Les Géorgiques de Paulette et André

PaisansdeRoergue

Aquí, aqueste article en occitan

Paysans du Rouergue, 1962-1971

Cela faisait plus d’un an que je voulais partager mon enthousiasme pour le film de Paulette et André Andrieu, Paisans de Roergue (Piget films, 2016), dont j’ai acheté le DVD. Je m’en repasse des bouts, de temps en temps, pour en écouter la belle langue et rêvasser sur ses images hypnotiques. La magie particulière de ce film vient de la qualité de la prise de vue sur une caméra amateur de ces années-là, de la voix qui accompagne les images et de l’effet de retour en un temps évanoui mais à portée de mémoire, du moins pour moi, un voyage en un monde que j’ai en fait à peine connu, mais qui hante mon esprit depuis l’enfance : celui des paysans de l’après guerre, saisi juste au moment de sa disparition, entraînée par l’extension de la mécanisation et l’accélération de l’exode rural.

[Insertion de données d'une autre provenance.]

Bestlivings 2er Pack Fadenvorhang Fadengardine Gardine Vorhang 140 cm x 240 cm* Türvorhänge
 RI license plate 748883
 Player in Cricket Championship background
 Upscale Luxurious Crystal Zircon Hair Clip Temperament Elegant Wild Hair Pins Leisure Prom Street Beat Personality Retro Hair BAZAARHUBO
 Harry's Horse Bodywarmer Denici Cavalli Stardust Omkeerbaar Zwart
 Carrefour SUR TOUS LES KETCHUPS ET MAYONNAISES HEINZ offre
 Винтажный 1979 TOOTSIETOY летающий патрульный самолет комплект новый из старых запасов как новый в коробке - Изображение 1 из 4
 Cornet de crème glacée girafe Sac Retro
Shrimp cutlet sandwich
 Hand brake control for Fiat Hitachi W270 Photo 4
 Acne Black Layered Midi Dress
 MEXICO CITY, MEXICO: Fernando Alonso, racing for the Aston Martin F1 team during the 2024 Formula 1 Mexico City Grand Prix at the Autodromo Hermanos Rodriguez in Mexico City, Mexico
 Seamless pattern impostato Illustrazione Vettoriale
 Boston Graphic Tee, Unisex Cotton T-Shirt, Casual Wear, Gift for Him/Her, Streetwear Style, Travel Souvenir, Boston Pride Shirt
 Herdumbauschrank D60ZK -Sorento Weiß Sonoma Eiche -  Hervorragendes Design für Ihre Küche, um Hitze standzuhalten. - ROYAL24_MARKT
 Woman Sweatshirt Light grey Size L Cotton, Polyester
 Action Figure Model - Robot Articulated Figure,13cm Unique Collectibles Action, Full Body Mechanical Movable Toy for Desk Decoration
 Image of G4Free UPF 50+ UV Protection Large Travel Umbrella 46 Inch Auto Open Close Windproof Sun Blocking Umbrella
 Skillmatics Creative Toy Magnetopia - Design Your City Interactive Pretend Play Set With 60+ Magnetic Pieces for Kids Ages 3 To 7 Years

Paulette et André sont nés de paysans rouergats ; elle a grandi au mas de Combes, commune de Villeneuve, lui à Salusses, de Montsalès, à quatre kilomètres de là. Au moment du tournage, ils formaient un jeune couple de trentenaires qui, comme tant d’autres, vivaient loin du pays, en l’occurrence à Nemours, en Seine-et-Marne. Lui était ingénieur chez Corning, une entreprise américaine spécialisée dans la vitrocéramique : il y inventa un procédé, l’encapsulage de graphite dans le verre, et se rendait souvent aux États-unis). Au début des années 60, ils achetèrent une bonne caméra couleur d’amateur, une CAMEX cellule Reflex 8, qu’il fallait remonter à la manivelle et qui concédait des prises de… 13 secondes ! Ils voulaient filmer leur fils Éric, encore tout petit, que l’on voit d’ailleurs dans le film, courant partout, tenu à quatre épingles par sa mère. Il devrait avoir aujourd’hui environ mon âge...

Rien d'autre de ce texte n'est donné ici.